Universally, accounting protocols funnel the costs of last winter's maintenance shutdown into the operating budget of 2001. This impact is tremendous, if not for the financial impact but for the lack of clinker production during this time. Many plants find that over the year they never recover to budgeted levels should a prolonged outage befall them. Managers must do everything in their power to minimize this downtime through proper scheduling of labor, materials, and other resources, while at the same time providing the corrective repair and restoration that the equipment requires. A properly applied program of Statistical Downtime Analysis (SDA) will prove to be one of the most effective resources at your disposal.
Thomas Edison contributed his business sense and imagination to many industries, including portland cement manufacture. He was no stranger to the perils and risks of high-temperature pyroprocessing. During a moment of reflection, he stated, “Development of kilning equipment will always be hampered by the chaos brought by the equipment failure.” What did he mean?
When things went wrong in Edison's day, they went very wrong. The ability of Edison to reconstruct the failure and pinpoint the cause was hampered by the rapid sequence of disasters inherent in any kiln failure and the high-temperature damage to collateral systems once the original single system fails.
The simple physical limits of the construction materials of the time often were the culprit in such high-temperature disasters. The landscape is not much different today. The situation Edison found himself in demonstrates his respect for the importance of such a forensic analysis, recognizing that he could reallocate his resources for the greatest improvement once the offending piece or system could be properly identified.
To support the enterprise, the day-to-day objective of any plant maintenance operation is to minimize downtime. A simple demonstration of why downtime analysis is important is to first recognize the cash flow derived from the otherwise lost production. We will skip going into these calculations in-depth but show the key components:
First, recognize the lost production in any downtime situation (winter or otherwise) as incremental production. Incremental production is defined in the textbooks as the next ton produced after all fixed costs have been absorbed. Simplistically, it often is looked at as the final production run of the year, after budgeted tonnage expectations have already been made.
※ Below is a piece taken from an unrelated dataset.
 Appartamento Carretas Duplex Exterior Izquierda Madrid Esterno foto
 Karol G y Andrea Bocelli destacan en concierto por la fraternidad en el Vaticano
Incremental production creates a cash flow (or profit) equal to the selling price, minus the variable costs. Fixed costs are excluded. At many North American plants, incremental production generates $65 minus $20 = $45 per ton or more. This is the most profitable tonnage a plant can generate. The investment justified to achieve the incremental production — the money you can focus to correct the cause — also will be shown to be tremendous, perhaps the best return on investment you will make all year.
A cause is identified that stops the kiln at least once each year. For illustration, let's allocate to the correction two days plus four hours of repair work. The published cool-down and heat-up schedule adds another 48 hours. So 100 hours per year lost in a 100-tph kiln yields 10,000 tons or $450,000 lost per year. This is over the depreciation life of the repair, generally four to seven years. What investment will return $450,000 per year?
The five-year Internal Rate of Return (IRR) calculation shown in Table 1 can be punched out on the computer to show that $1.5 million can be invested, still yielding an acceptable return, provided it removes the cause of that downtime for the period considered. Applying this money should make you a hero; but if misapplied, you might wish you had never been born. So how does one determine where to spend it?
Operators apply SDA every day, often subconsciously, but it needs to be brought to its most sophisticated level by plant professionals. The cement industry, and the profits at risk, demand it. I'm not convinced that the concept is practiced within maintenance and engineering groups with the religious-like fervor that it should be. That is why the maintenance department exists, to keep the plant running. Simply stated, SDA is a complete and thorough analysis of what things shut a plant down: what caused the plant to go down, how many times the plant was down, and how many hours it was down (including the cool-off and warm-up penalties). If you don't have a program, one needs to be started. If you do have one, improve it. Except for developing the human resource, there is not a single more productive area to focus staff energies.
The intellectual tools needed for an effective SDA program are not great. Merely a summary understanding of statistical and financial analysis need be applied by the engineer for this effort to be effective. He or she also must have a good understanding of the production process. Corporate job descriptions for plant engineer or process engineer (either one) may include these responsibilities depending on the plant. In some cases, a maintenance superintendent is charged with the job. In other words, expect your staff to have the ability to do this. If the staff person that you have assigned to do your SDA doesn't have these tools, you've got the wrong person doing it.
The scope we work within here is bounded by two countervailing tendencies, and a casual departure beyond those boundaries will yield meaningless results. The first is too little segregation of the potential causes of downtime; the other is too much. This is admittedly a delicate balancing act and one often developed through trial and error.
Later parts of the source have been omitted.